Nonetheless, the imposition of conscription by an act of Congress, whether implemented by national action or through state militias, remained unauthorized, and in violation of both the guarantee of state militia independence in Article I and of the Second and Tenth Amendments -- Madison made this clear long before, and he was in a position to clarify it.
(As to the Second, the word "state" in that long-disputed first clause actually did have a definite constitutional meaning -- though to justify, not to restrict, the scope of a "right of the people.")
And the Confederate States Constitution adopted all three of these provisions nearly verbatim from the United States Constitution. So it was against any semblance of the rule of law, and merely "justified" by the assertion of wartime necessity, on both sides of the Potomac.
The United States Marines were authorized 2 July, 1798.
Your whole argument is just a bit too slick and convenient.
Walt
Marines predated the Constitution of 1787, and were a part of the Navy, even if the present structure was not yet formed under the new Constitution.
Your whole argument is just a bit too slick and convenient.
Well, that rejoinder is both the politest in form and the emptiest in substance that I've seen around here in a long time! I thank you for the former, and shake my head in amusement (which is all it deserves) at the latter.

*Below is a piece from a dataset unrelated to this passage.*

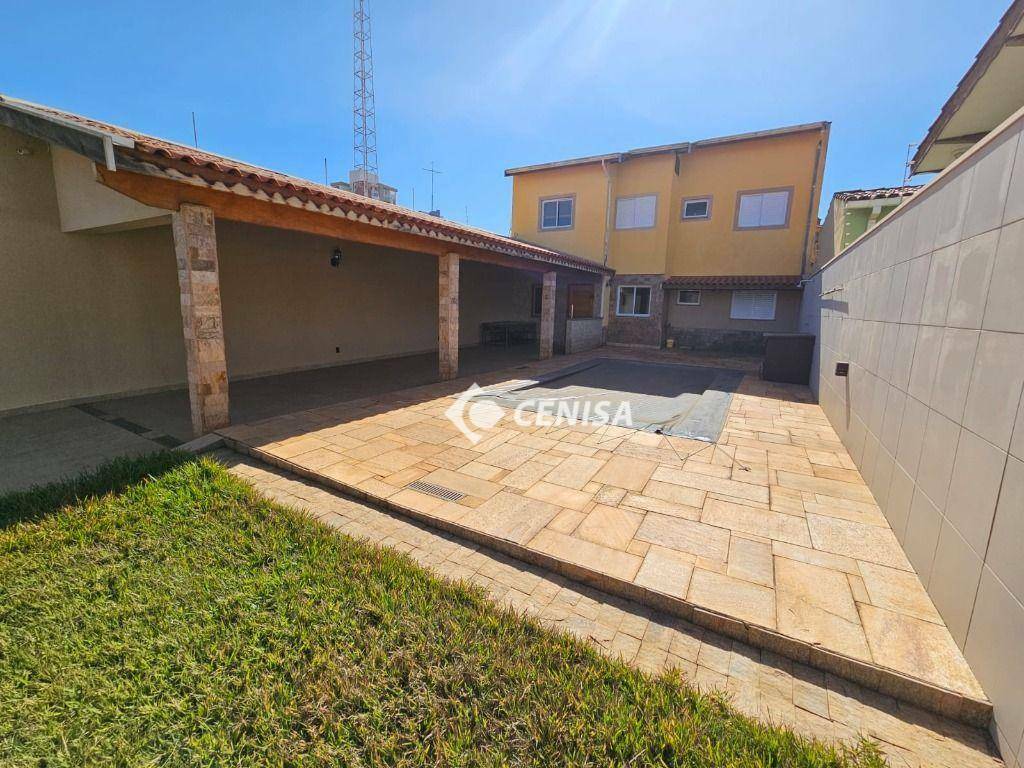 Casa à venda com 3 quartos, 185m² - Foto 7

Thank you for this post. Just today my anti-cop, anti-Bush, pro-Castro, anti-Ashcroft criminal procedure professor was bitching about Lincoln doing this. She made the comment, "Most everybody will now say that this was a huge mistake my Lincoln." Sometimes I think she and others don't look back at the situation President Lincoln and the Union was facing.
Lay this on 'em:
"Lincoln, with his usual incisiveness, put his finger on the debate that inevitably surrounds issues of civil liberties in wartime. If the country itself is in mortal danger, must we enforce every provision safeguarding individual liberties even though to do so will endanger the very government which is created by the Constitution? The question of whether only Congress may suspend it has never been authoritatively answered to this day, but the Lincoln administration proceeded to arrest and detain persons suspected of disloyal activities, including the mayor of Baltimore and the chief of police."
-- Chief Justice of the United States William Rehnquist, February, 1999
Walt
And ignore #28, #29 and #30.
Walt
Yeah, I heard that.
Walt
Your #28 and #30 were answered by my reply to Non-Sequitur. Your #29 shows an adherence to the faulty reasoning of Justice Holmes, which dealt with the theater -- not with overthrows. (Which in itself has been given latitude under the First Amendment by the courts, especially in peacetime.)
Read the thread below your own replies first, please. Not everything can or even should be answered directly. Principles operate here, and time is scarce. Sorry if that all sounds condescending -- it's not meant to be. It's intended to note facts.
You were being too slick and convenient. The 1st amendment does not cover speech aimed at the violent overthrow of the government.